BITE-SIZED REVIEW: No Contest (Paul Lynch, 1995)

Terrorists have taken over the Miss Galaxy beauty contest and it is up to the show's host, martial arts star Sharon Bell (Shannon Tweed) to defeat them and save the contestants.

A Canadian production, No Contest is not particularly good or exciting, but it rides the line thanks to competent deployment of narrative and character cliches, and some interesting swerves.


I want to emphasize that this movie is not technically a ‘good’ movie, but it never veers off into technical incompetence or the singularity of outsider art like The Room.


This is entirely subjective, but from my perspective the movie is watchable because of low expectations.  

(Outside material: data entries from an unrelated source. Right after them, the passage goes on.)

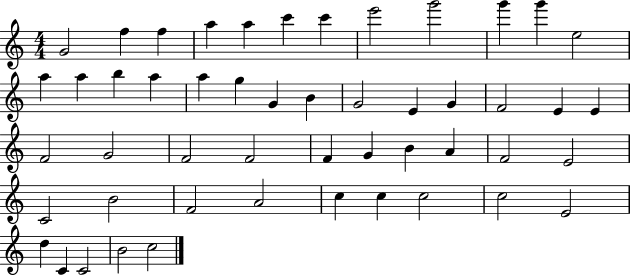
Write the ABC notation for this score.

X:1
T:Untitled
M:4/4
L:1/4
K:C
G2 f f a a c' c' e'2 g'2 g' g' e2 a a b a a g G B G2 E G F2 E E F2 G2 F2 F2 F G B A F2 E2 C2 B2 F2 A2 c c c2 c2 E2 d C C2 B2 c2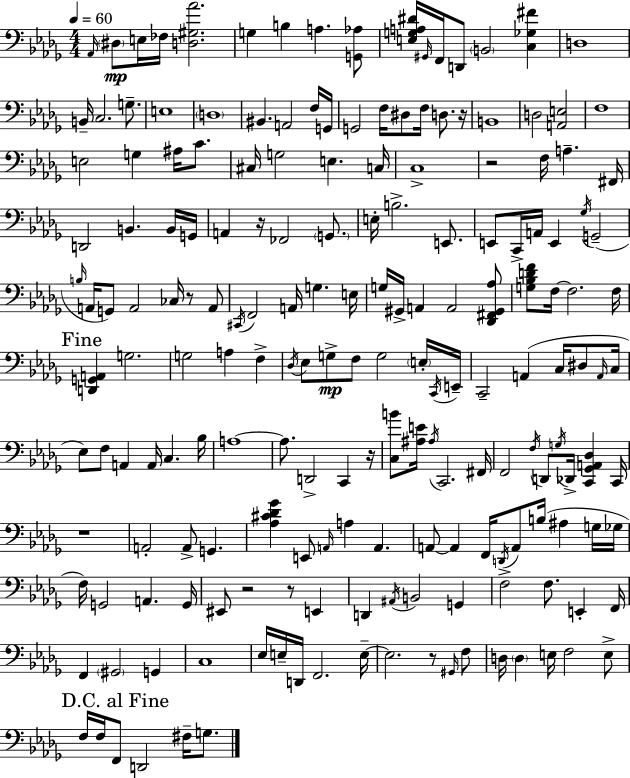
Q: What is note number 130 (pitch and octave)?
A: G2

The movie is a fairly predictable rip of Die Hard - except it makes enough changes to justify its limited resources. It is also the only Die Hard riff I have seen based around a woman. And Andrew Dice Clay is not bad as the urbane villain. 


The cast are all over the place, but all within a similar bandwidth. Shannon Tweed is pretty wooden in the lead, but she does not take you out of the movie. Robert Davi is solid as her man on the outside. And Roddy Piper is perfectly cast as a scumbag villain. 


The action is fairly low-key, but I spent the movie impressed by how many different parts of the hotel the film managed to show. The movie is small, but they ring as much scope as they can out of the limited canvas. And the filmmakers do not exploit Tweed’s previous career in erotic thrillers - indeed, they use the tease of nudity as a misdirect to get the action started.


It’s not great, but as an exercise in making the most of what you have, it is interesting.